2. The Tribunal failed to pay regard to other decisions of the Tribunal concerning women in Lebanon. This relevance was not as precedents, as decisions of courts might be treated, but rather as evidence of commonality of experience of women in Lebanon. Reference was made to the judgment of Sheppard J in Hindi v Minister for Immigration and Ethnic Affairs (1988) 91 ALR 586 and the judgment of Wilcox J in Lek v Minister for Immigration, Local Government and Ethnic Affairs [1993] FCA 493; (1993) 117 ALR 455. The notion of communality of experience is found in the judgment of the Supreme Court of Canada in Ward (1993) 103 DLR (4th) 1 at 23. It was also contended that the Tribunal failed to take into account a DFAT cable dated 30 August 1995, referred to in another Tribunal decision, said to be supportive of the applicant's case.

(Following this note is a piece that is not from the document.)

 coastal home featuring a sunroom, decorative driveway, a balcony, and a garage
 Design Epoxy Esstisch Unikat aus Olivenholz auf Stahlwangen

This ground was said to arise under s 476(1)(a) of the Act having regard to the provisions of s 420 of the Act.
3. The finding of the Tribunal that domestic violence is against the penal code and the government takes steps to prevent it was not a finding open on the evidence. This was a ground of the type referred to in s 476(1)(g) of the Act.

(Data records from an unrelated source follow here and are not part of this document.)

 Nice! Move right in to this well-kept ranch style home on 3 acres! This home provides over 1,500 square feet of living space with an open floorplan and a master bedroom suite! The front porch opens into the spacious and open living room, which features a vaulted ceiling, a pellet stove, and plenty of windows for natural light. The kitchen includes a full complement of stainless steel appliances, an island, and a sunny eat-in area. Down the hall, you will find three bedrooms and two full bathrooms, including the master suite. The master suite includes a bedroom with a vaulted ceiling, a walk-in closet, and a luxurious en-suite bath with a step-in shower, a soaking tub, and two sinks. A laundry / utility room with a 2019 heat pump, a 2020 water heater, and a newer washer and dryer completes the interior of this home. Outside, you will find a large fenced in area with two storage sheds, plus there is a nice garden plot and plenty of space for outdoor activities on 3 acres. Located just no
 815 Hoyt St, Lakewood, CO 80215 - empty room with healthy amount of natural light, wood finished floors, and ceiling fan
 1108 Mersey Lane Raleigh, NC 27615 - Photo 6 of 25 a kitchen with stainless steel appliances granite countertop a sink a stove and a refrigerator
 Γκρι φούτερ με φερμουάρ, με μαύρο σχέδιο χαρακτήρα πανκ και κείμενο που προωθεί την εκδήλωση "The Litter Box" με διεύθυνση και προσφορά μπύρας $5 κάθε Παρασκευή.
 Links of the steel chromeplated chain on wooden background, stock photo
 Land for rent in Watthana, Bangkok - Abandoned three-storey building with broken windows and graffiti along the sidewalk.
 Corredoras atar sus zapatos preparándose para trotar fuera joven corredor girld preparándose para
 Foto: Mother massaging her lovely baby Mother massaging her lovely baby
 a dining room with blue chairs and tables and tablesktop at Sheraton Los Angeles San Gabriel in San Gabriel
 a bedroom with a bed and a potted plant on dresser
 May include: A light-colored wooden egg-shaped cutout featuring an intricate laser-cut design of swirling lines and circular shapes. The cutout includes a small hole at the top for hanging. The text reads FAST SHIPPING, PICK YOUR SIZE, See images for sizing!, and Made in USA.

4. The Tribunal failed to make findings in relation to the applicant's evidence and, in particular, her evidence that there was a chance of her being raped or sexually assaulted were she to return to Lebanon and that she would not be afforded state protection. This was based on s 476(1)(a) and s 420 of the Act.
5. The Tribunal failed to properly apply the definition of refugee in so far as that definition speaks of persecution "for reasons of" the social group of which the applicant was a member namely, women in Lebanon seeking to assert legal rights to property who had no protection from male relatives. This was said to be a ground identified in s 476(1)(e) of the Act.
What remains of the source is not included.